В гостинице Красновского было шумно, людно. Большой дом — десять окон на восток, восемь на юг — был ярко освещен. У крыльца стояла извозчичья колымага. В колымагу укладывали чемоданы, корзины, узлы — кто-то уезжал. В столовой человек двадцать гостей пили чай и закусывали. Вокруг гостей утицей ходила хозяйка Нэше, толстая женщина с круглым добродушным лицом, и вьюном вилась прислуга, бойкая девица лет семнадцати, востроглазая, шустрая, прямо бес — не девица. Сам хозяин, чистенький старичок с усами как у таракана, сидел тут же за столом и не спеша толковал с гостями о войне, о погоде, о делах. Гостиница, собственно, его не касалась, не его это было дело. В гостинице хозяйничала жена, Нэше. Он-то сам был фельдшер, военный фельдшер, в отставке. Но отчего бы на досуге не покалякать о том, о сем?
— Нет, немец долго не выдержит, жила тонка, — говорил он какому-то высокому лысому поляку. — У немца уже ни людей, ни фуража. Выдыхается немец. Я, пане Прешевич, старый солдат. Меня не обманешь. Измотался немец. Вижу. Вот взять хотя бы Верден. Стал немец и стоит. И ни взад, ни вперед. Ни «тпру», ни «ну». Никуда. Нет, кончается немец.
— Возможно, возможно, — говорил поляк, мешая ложечкой сахар в стакане.
— То есть, если дозволите, — лез в разговор другой гость, молодой еще человек в куцом пиджачишке, лохматый и — подслеповатый, — если позволите…
Но Красновский и не посмотрел в его сторону. На кого смотреть-то? Голь, шушера.
Ребята вошли, остановились, оглянулись. Народу! Мама моя! Где тут угадать который? Осмотрели стол — что-то никто из приезжих не похож на того. Или он у себя? Спит, может?
— Вам чего? — сказала прислуга.
Ребята переглянулись.
— Чего вам? — крикнула прислуга.
— Мы к пане Красновскому, — нерешительно проговорил Ирмэ. — К пане доктору, — пояснил он.

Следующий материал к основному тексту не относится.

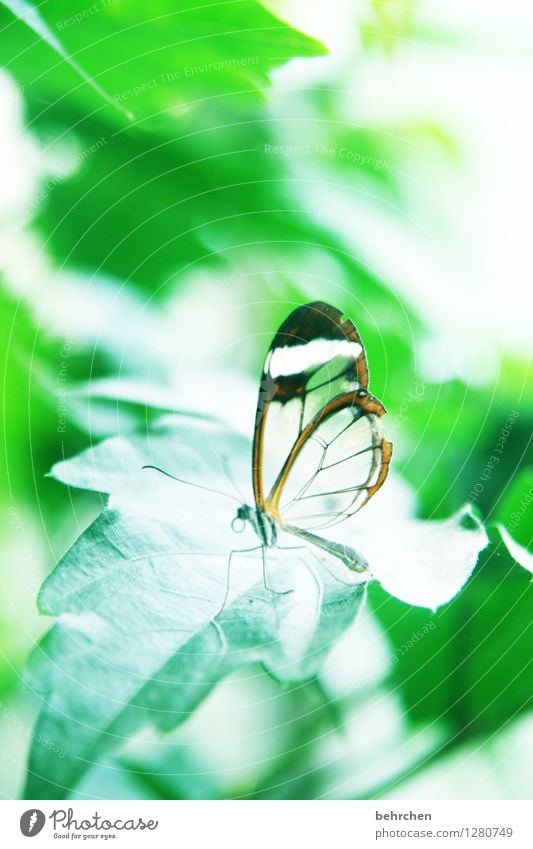 schwerelos Natur Pflanze Tier Frühling Sommer Blatt Garten Park Wald Urwald Schmetterling Flügel glasflügelfalter 1 beobachten fliegen schlafen sitzen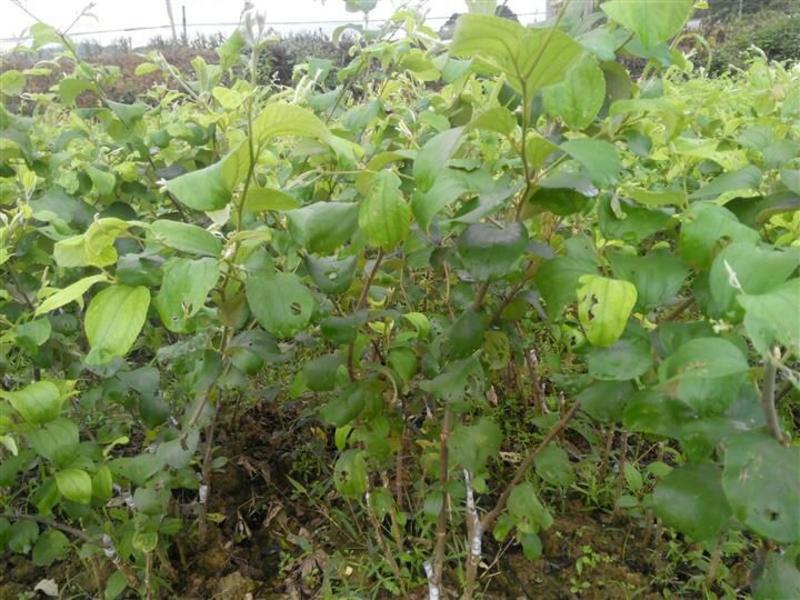 青枣苗30~50cm大青枣树苗当年种植当年结果树苗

Прислуга посмотрела подозрительно.
— Барин, — сказала она, — к вам.
— А? Что? Ко мне? — удивился Красновский. — Кто?
— Да босяки какие-то, голодранцы, — сказала прислуга. — Говорят — к вам.
Красновский встал и, ковыряя в зубах спичкой, подошел к ребятам.
— Ну?
— Ногу я зашиб, пане доктор, — сказал Ирмэ.
— Ну?
— Вы не могли бы ее — того?… Помазать чем?
— Это в десять-то часов? — сказал Красновский — Ты чей же будешь, ангел мой?..
— Меера, сапожника, — сказал Ирмэ.
— Рыжего? — сказал Красновский. — Знаю. — Он подошел поближе. — Ну, что ж, надо тебя полечить. Надо. Надо. — И вдруг — цап Ирмэ за ухо. — Вот так! Вот так!
Ирмэ вырвал ухо и — пробкой прямо — вылетел за дверь. Хаче и Алтер — за ним.